Александр Невский
 

Опасный союз. Латгальские союзники крестоносцев

Beveriņas staltā pilī
Tālivaldis valdīja.
Viņa slava tālu, tālu
Visā zemē izpaudās.

Auseklis

В Беверинском гордом замке
Таливалдис власть держал.
Он далече, он далече
Земли славой наполнял.

Аусеклис.

Раздел Ливонии явился для епископа Альберта неприятным ударом. Орден меченосцев показал себя силой, с которой приходилось считаться. Поэтому, хотя Альберт и получил официально Ливонию в лен от германского императора, все же единовластным хозяином в завоеванных землях он себя считать не мог.

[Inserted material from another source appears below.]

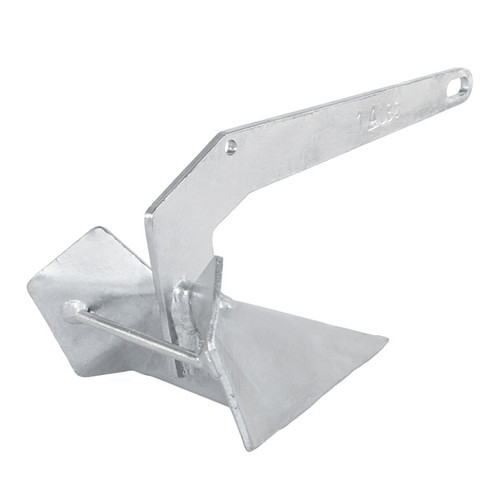 Kimpex Galvanized Steel Plow Anchor 14 lbs - 746153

Одним из главных успехов братьев Ордена воинства Христова стал военный союз с князьями латгальских земель, заключенный после появления меченосцев в Вендене. Уже в декабре 1207 года, когда литовцы напали на Турайду, немцы призвали крещеных ливов и латгалов на бой с врагом. Это первое упоминание об участии латгалов (леттов) в Крестовых походах. Самые северные латгалы у реки Имеры, граничившие с эстами, были крещены в 1207 году. Генрих Латвийский пишет о посланном из Риги священнике, который, не добившись сколь-нибудь значительных успехов среди эстов в Уганди, решил заняться миссионерством у латгалов:

«Алебранд по дороге обратился к лэтигаллам, живущим у Имеры, убеждая их принять крещение, тем более, что вся Ливония и многие из лэтигаллов уже приняли слово божие. Те обрадовались приходу священника, так как литовцы часто разоряли их, ливы всегда притесняли, а от тевтонов они надеялись на помощь и защиту. Слово Божье они приняли с радостью, но прежде все-таки бросили жребий, желая знать волю богов, принять ли им крещение от русских из Пскова, как другие лэтигаллы из Толовы, или от латинян. Дело в том, что русские в это время приходили крестить своих лэтигаллов в Толове, всегда бывших их данниками. Жребий пал на латинян, и новокрещенные причислены были с ливонской церковью к рижанам».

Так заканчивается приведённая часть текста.